Guardé las balas en el bolsillo de los pantalones y extraje el encendedor. No fumo, pero aquel objeto en cierto modo había despertado mi fantasía. Lo encendí, me agaché y prendí fuego a toda la basura que había acumulado en el fondo del ropero. Las llamas saltaron con avidez de las ropas de gimnasia a las bolsas de desayuno, los envoltorios de caramelos y los restos de mis libros, llevando hasta mí un atlético aroma a sudor.

Después, considerando que ya había llegado demasiado lejos, cerré la puerta de la taquilla. Justo encima de la etiqueta Con-Tact con mi nombre había unos pequeños respiraderos, a través de los cuales me llegó el crepitar de las llamas. Momentos después unas pequeñas puntas anaranjadas brillaban en la oscuridad, tras los respiraderos, y la pintura gris del ropero empezó a cuartearse y saltar.

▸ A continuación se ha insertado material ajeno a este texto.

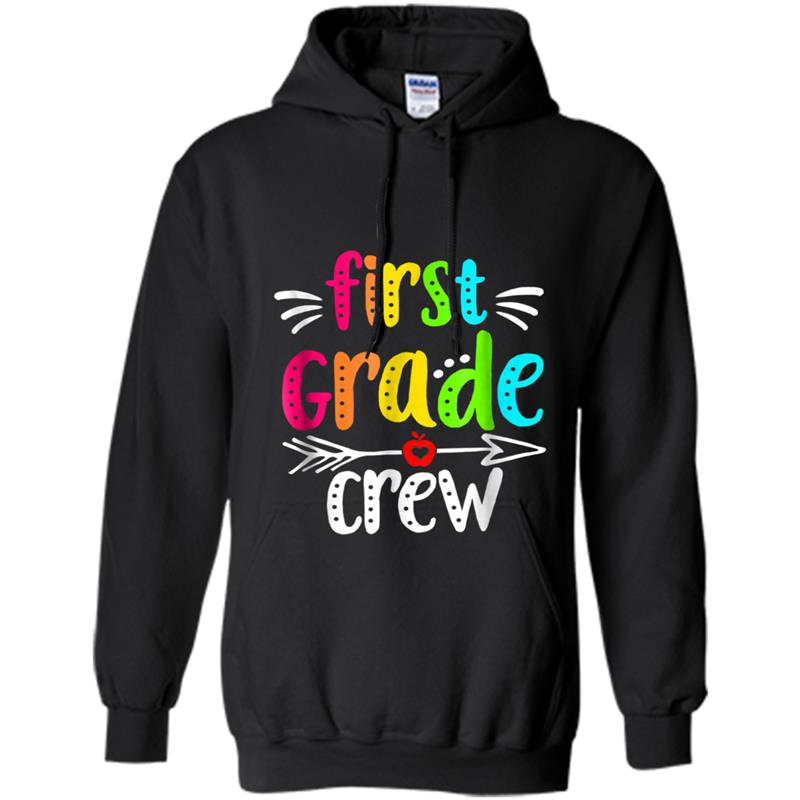 Colorful Team 1st First Grade Teacher crew Back To School T- Hoodie-mt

En ese instante salió de la clase del señor Johnson un chico con un pase verde para el baño. Contempló el humo que surgía alegremente de los respiraderos, me miró y echó a correr hacia el lavabo. No creo que viera la pistola; no corría tanto. Me encaminé hacia el aula 16, me detuve antes de entrar, con la mano en el picaporte, y miré hacia atrás. El humo salía ya en abundancia, y una mancha oscura, de puro hollín, se extendía por la puerta de mi ropero. La etiqueta Con-Tact se había vuelto marrón, y ya no podían distinguirse las letras que habían formado mi nombre.

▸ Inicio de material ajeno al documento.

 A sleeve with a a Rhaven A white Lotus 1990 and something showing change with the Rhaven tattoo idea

Dudo de que en ese instante hubiera en mi cabeza algo más que el habitual sonido de electricidad estática de fondo, ése que se oye en la radio cuando se aumenta el volumen al máximo sin haber sintonizado ninguna emisora. Mi cerebro, por así decirlo, se había conectado a la red; el tipejo con el sombrero de Napoleón que llevaba dentro tenía los ases en la mano y había decidido apostar.

Volví la vista de nuevo hacia el aula 16 y abrí la puerta. Esperaba algo, pero no sabía qué.